Essentially I need to know, for any given DCM configuration, how much the DCM outputs will shift in phase for each time I nail PSINCDEC. I'm thinking that if I understand better how the PS part of the DCM circuit works I can answer this for myself. I've got a case in with Xilinx but either they're not understanding my question, or they're not sure how to answer, or who knows. Any help would be greatly appreciated. Here's the correspondence so far:

---------------------- Me: I'm using some DCMs in dynamic phase-shift mode in a Spartan 3 and I'm trying to understand how the granularity of each dynamic phase shift is tied to the period of CLKIN. Does the phase shift feature use a fixed tap delay? If so, the phase shift granularity would not be dependent on the period of CLKIN. Also, after reading XAPP462 I surmised that the longer the period of CLKIN (slower the CLKIN frequency) the less number of effective phase shift steps. This seems counter-intuitive. Can you help me to understand how the dynamic phase shifting is implemented in the DCM?
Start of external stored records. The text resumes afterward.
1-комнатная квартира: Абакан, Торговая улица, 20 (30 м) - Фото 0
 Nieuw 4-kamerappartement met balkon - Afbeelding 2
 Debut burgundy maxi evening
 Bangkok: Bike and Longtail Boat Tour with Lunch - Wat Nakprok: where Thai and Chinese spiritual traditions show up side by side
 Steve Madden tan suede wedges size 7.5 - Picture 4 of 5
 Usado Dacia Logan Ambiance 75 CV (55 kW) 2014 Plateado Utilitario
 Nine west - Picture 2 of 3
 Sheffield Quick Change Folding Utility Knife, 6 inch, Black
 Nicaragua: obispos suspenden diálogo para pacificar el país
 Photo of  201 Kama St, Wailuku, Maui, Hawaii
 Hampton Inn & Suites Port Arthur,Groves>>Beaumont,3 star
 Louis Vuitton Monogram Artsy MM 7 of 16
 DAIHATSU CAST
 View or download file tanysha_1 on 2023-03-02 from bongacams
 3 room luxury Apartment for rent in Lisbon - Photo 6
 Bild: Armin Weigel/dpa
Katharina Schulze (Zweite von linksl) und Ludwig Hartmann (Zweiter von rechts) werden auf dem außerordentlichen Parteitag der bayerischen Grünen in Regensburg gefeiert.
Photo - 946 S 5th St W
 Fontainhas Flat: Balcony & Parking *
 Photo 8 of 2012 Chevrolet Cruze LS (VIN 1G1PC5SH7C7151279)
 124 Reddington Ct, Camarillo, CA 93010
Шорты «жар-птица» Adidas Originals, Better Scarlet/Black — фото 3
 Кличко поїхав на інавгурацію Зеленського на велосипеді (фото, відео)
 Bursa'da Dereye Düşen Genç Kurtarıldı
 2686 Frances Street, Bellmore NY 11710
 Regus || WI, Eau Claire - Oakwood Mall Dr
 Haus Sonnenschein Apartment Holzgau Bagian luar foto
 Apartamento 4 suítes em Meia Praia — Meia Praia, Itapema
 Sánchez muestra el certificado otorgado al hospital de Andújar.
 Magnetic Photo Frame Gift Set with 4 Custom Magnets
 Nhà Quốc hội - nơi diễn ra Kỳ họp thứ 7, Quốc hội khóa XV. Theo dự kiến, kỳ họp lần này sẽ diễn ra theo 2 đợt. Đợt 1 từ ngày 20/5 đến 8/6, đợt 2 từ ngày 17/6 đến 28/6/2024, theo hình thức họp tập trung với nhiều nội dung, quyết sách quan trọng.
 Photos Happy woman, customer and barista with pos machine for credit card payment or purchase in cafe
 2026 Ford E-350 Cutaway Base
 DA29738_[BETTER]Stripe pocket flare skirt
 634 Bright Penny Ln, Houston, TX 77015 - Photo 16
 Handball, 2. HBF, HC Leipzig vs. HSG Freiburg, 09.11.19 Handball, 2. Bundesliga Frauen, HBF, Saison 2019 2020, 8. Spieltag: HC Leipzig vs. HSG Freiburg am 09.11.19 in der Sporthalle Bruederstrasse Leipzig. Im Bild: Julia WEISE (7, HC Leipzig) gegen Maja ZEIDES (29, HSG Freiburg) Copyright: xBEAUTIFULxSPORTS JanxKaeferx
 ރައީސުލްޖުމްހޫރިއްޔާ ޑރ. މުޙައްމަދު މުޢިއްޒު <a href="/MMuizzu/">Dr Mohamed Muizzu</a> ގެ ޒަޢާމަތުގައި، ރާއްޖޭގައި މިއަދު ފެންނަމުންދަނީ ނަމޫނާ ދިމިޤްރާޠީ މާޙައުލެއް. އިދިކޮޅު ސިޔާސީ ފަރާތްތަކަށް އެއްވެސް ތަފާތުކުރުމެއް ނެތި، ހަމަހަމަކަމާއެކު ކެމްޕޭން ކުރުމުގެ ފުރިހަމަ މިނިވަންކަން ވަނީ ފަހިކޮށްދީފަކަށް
----------------- Xilinx: Craig, The DCM can always delay ~10ns. When your clock period is slower than ~100Mhz (10ns period), you will not be able to phase shift the full360 degrees. Additionally for slower frequencies, taps are combined as per XAPP462, such that you may not have 256 tap changes, but will still have 10ns of delay to work with. It's a little confusing, but the circuitry basically does not allow the same resolution at slow speeds as it does at high. Hope this clears things up.

------------------ Me: Thanks for your very quick response. I'm beginning to understand a little better. The goal is for us to know, for any given DCM config, how much dynamic phase shift occurs each time we nail PSINCDEC. For a DCM that has a max shift of 10ns and 512 steps or taps, is it safe to say that each tap is about 20ps? I understand that for slower CLKIN frequencies the taps could be combined to give 40ps, 60ps, etc. per step, and thus you'd have less than 255 steps in either direction. Is there a way to tell if the DCM we're using is combining taps, and how many taps per step? Thanks!

------------------- Xilinx: Craig, There will never be 512 taps, there are max 256 and each is around

40ps. The weight of each unit of increment will depend on the frequency of clk in. This is where XAPP462's equations come in. Sounds like you got it from there.

------------------------ Me: No not quite. The 512 taps/steps I got from equation 4 (pg 42), where TCLKIN is less than 10 ns and the phase shift limits are +/-255. However that's for fixed phase shifting. For variable phase shifting there's 256 taps/steps when the shift limits are +/-128. Still, are you sure there's only 256 taps in the delay line, since there's +/-255 steps available in fixed phase shifting?

Also, if CLKIN is 250MHz and I step PSINCDEC once, will the output clock shift in phase by 40ps (or one tap delay)? What if CLKIN is

300MHz and I step once, will the output clock shift in phase by the same 40ps, or some multiple? Here I'm still confused as to how each unit of increment is tied to the frequency of CLKIN. Equation 9 (pg 45) doesn't hold true.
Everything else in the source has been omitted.